*/

Commonwealth of Kentucky 

Workers’ Compensation Board

 

 

 

OPINION ENTERED:  November 4, 2016

 

 

CLAIM NO. 201471662

 

 

POINT ARC OF NORTHERN KENTUCKY                 PETITIONER

 

 

VS.         APPEAL FROM HON. JOHN B. COLEMAN,

                 ADMINISTRATIVE LAW JUDGE

 

 

GERI BENNETT

HON. JOHN B. COLEMAN,

ADMINISTRATIVE LAW JUDGE                      RESPONDENTS

 

 

OPINION

AFFIRMING

                       * * * * * *

 

 

BEFORE:  ALVEY, Chairman, STIVERS and RECHTER, Members. 

 

RECHTER, Member.  Point Arc of Northern Kentucky (“Point Arc”) appeals from the May 13, 2016 Opinion and Award and the June 9, 2016 Order rendered by Hon. John B. Coleman, Administrative Law Judge (“ALJ”) awarding Geri Bennett (“Bennett”) income and medical benefits for cervical and shoulder injuries.  On appeal, Point Arc argues the ALJ misinterpreted or failed to properly consider the evidence from Dr. John Vaughan, improperly relied upon an impairment rating from Dr. Mark Sperbeck, and erred in awarding future pain management and chiropractic treatment.  For the reasons set forth herein, we affirm.

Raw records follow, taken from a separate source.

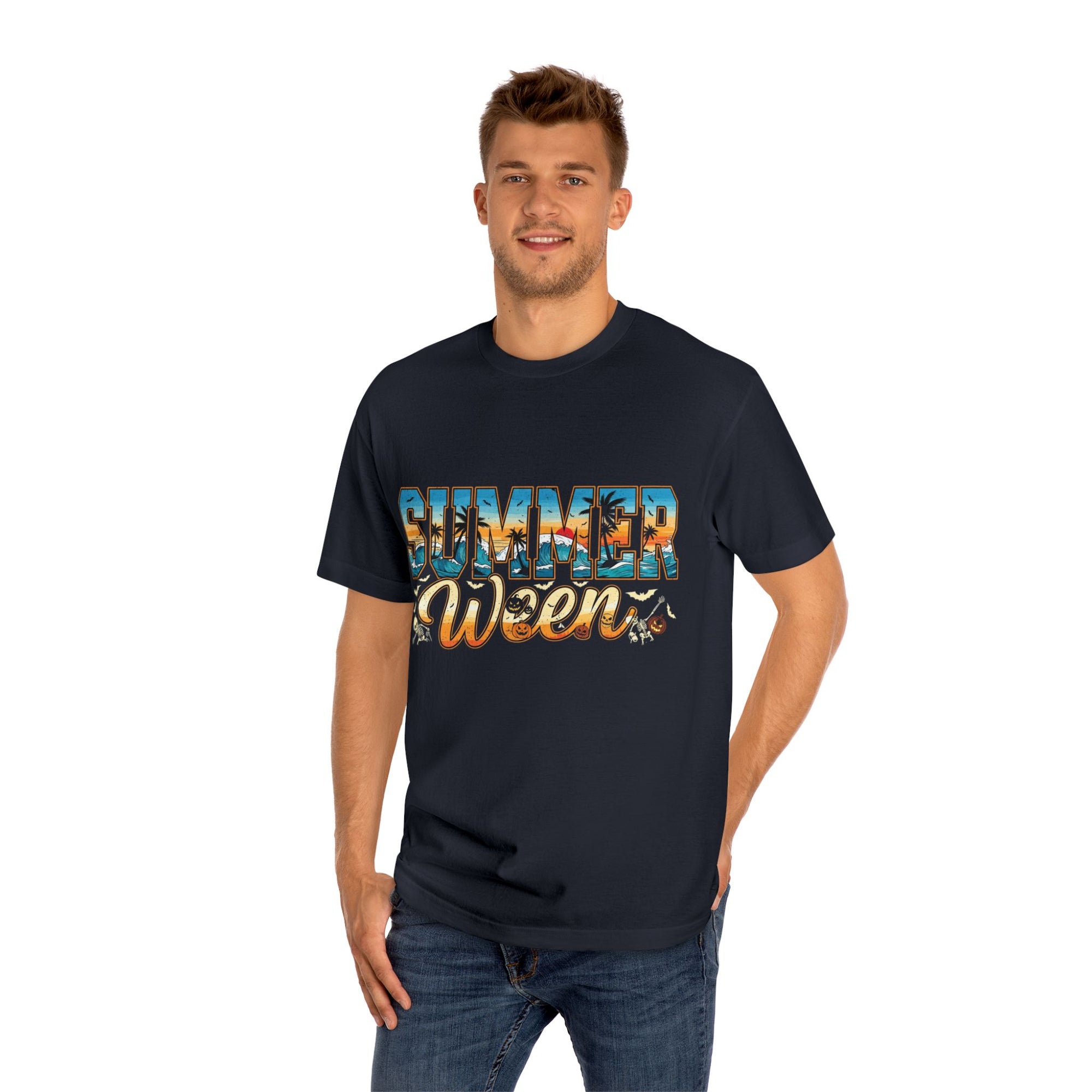 Summer Ween Unisex Classic Tee, Fun Summer Shirt, Beachy Vibes Tee, Casual Wear, Unique Summer Gift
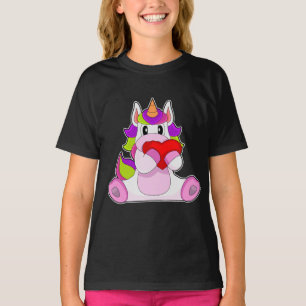 Einhorn-Herz T-Shirt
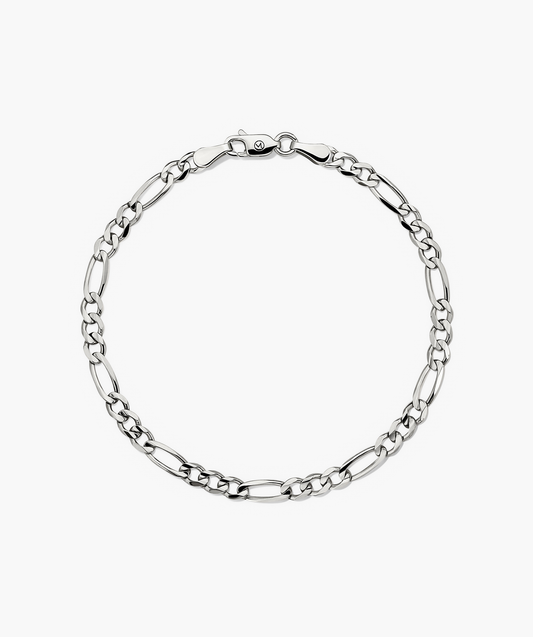 Bold Figaro Chain Bracelet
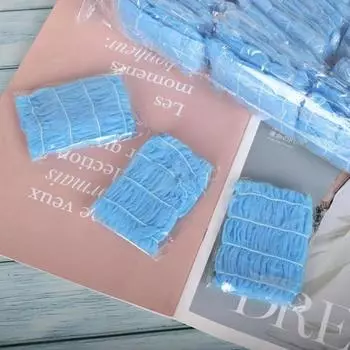 100 шт. одноразовых повязок на голову, нетканые повязки для спа-салонов, мягкие эластичные повязки для ухода за кожей, легкие и дышащие для путешествий чёрный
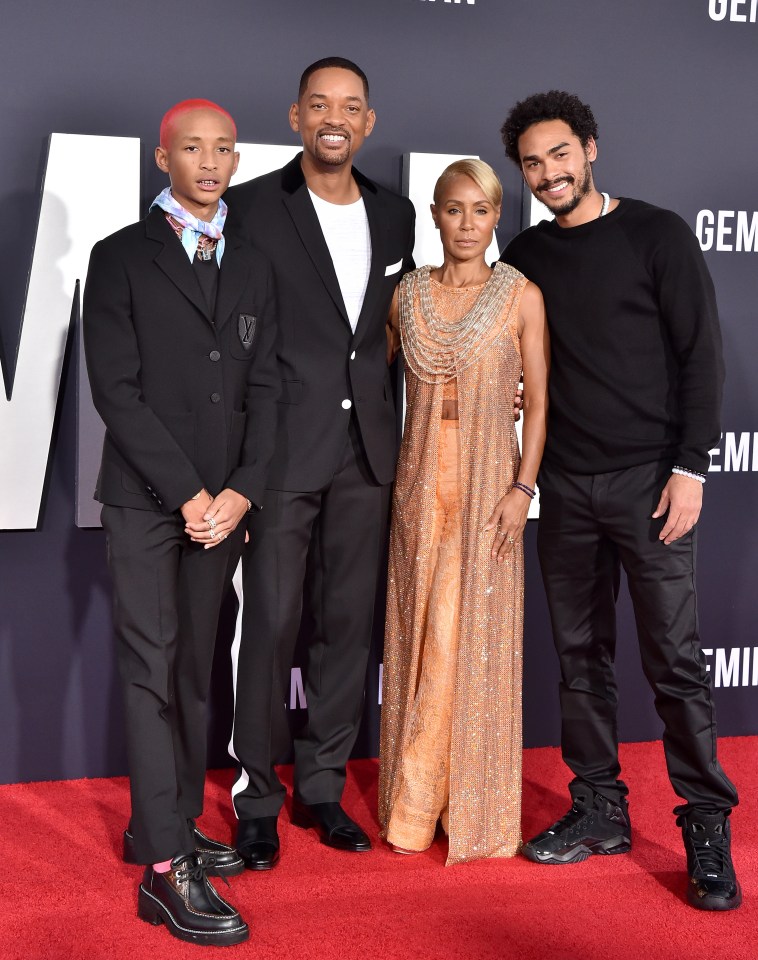 Will, who already had son Trey (right), married Jada in 1997 and went on to have son Jaden (left) and daughter Willow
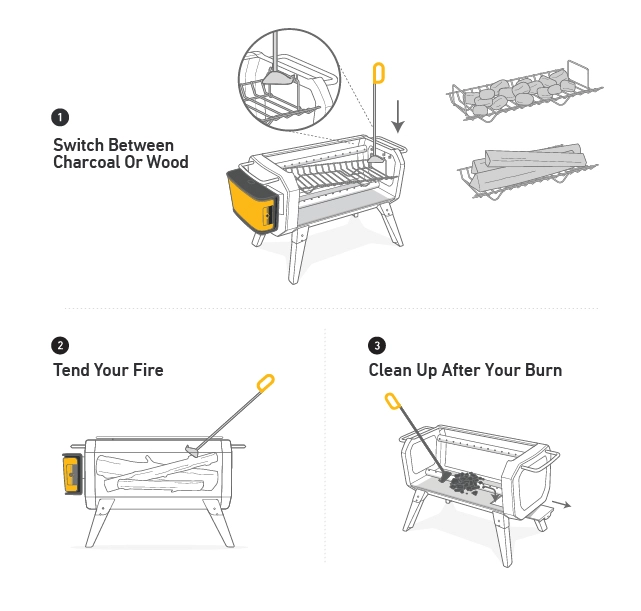BioLite FirePit FirePoker Ateş & Yakıt Karıştırıcı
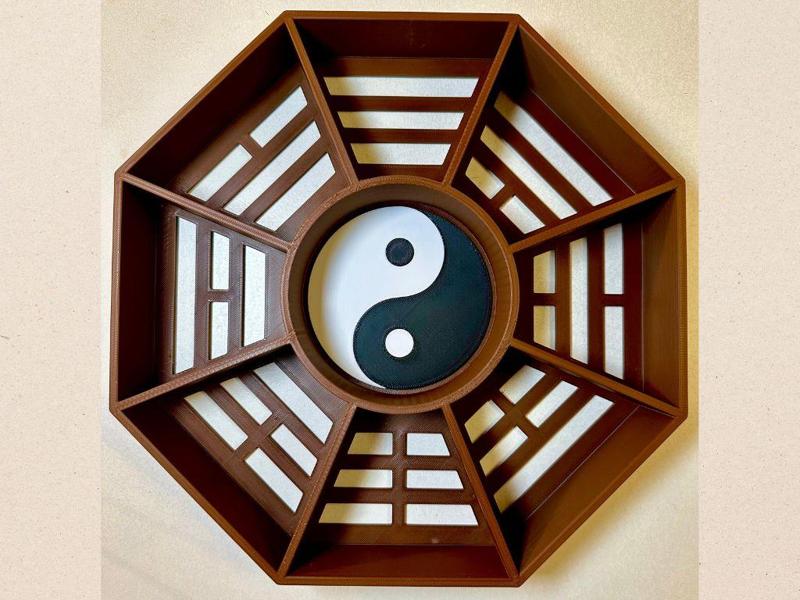 Yin Yang Tea Bag Organizer Tray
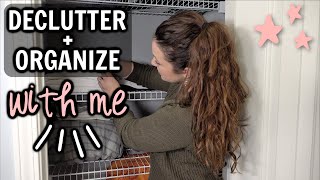 DECLUTTER amp ORGANIZE WITH ME  Dresser Drawer Organization  Linen Closet [upl. by Daphna]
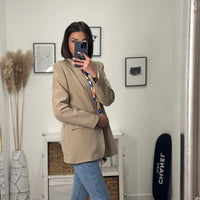 BLAZER TAUPE GABY - La Petite Somptueuse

          Bennett testified by deposition on April 27, 2015, and at hearings held June 29, 2015 and March 23, 2016.  Bennett was employed by Point Arc, a laundry, where she processed linens and sheets.  She testified she sustained strain injuries to her neck and upper extremities on August 2, 2014 while pulling sheets out of an ironing machine.  Bennett initially continued to perform her regular work, but was later placed on light duty.  She worked on light duty until her supervisor forced her to perform a job that exceeded her capacity in October 2014.  She left work immediately after, and attempted to work for two different employers but was unable to maintain those positions due to her limitations. 

          Bennett continues to see Dr. Allan Rison, a pain specialist, and Dr. Sperbeck, a chiropractor.  In the past, Dr. Rison administered injections that provided relief for two to five weeks, and reduced her pain by half, but they were discontinued when her insurance would no longer pay for the treatment.  Bennett testified her condition worsened after the injections were discontinued.  Dr. Rison continues to prescribe pain medication, and Bennett testified her chiropractic treatment provides “a lot” of relief for 48 to 72 hours.  She continues to have tightness, cramping and headaches as a result of the neck injury.  She has tightness, numbness, aching, and muscle spasms in her upper extremities.  She experiences tingling and numbness in her fingers, and on the left side has difficulty with her wrist and gripping.  

          Bennett submitted medical records and a November 11, 2015 report from Dr. Sperbeck.  Dr. Sperbeck performed a disability evaluation on October 29, 2015.  Bennett complained of neck pain which radiates into her left shoulder and arm, and intermittent pain into her right shoulder.  Dr. Sperbeck diagnosed shoulder sprain/strain on the right, and cervical and thoracic sprain/strains.  He placed Bennett in DRE Category II and assigned an 8% impairment rating for Bennett’s cervical injury pursuant to the American Medical Association, Guides to the Evaluation of Permanent Impairment, 5th Edition (“AMA Guides”).  He assessed a 5% impairment rating for the right shoulder condition and an additional 2% for pain, producing a combined 15% whole person impairment. 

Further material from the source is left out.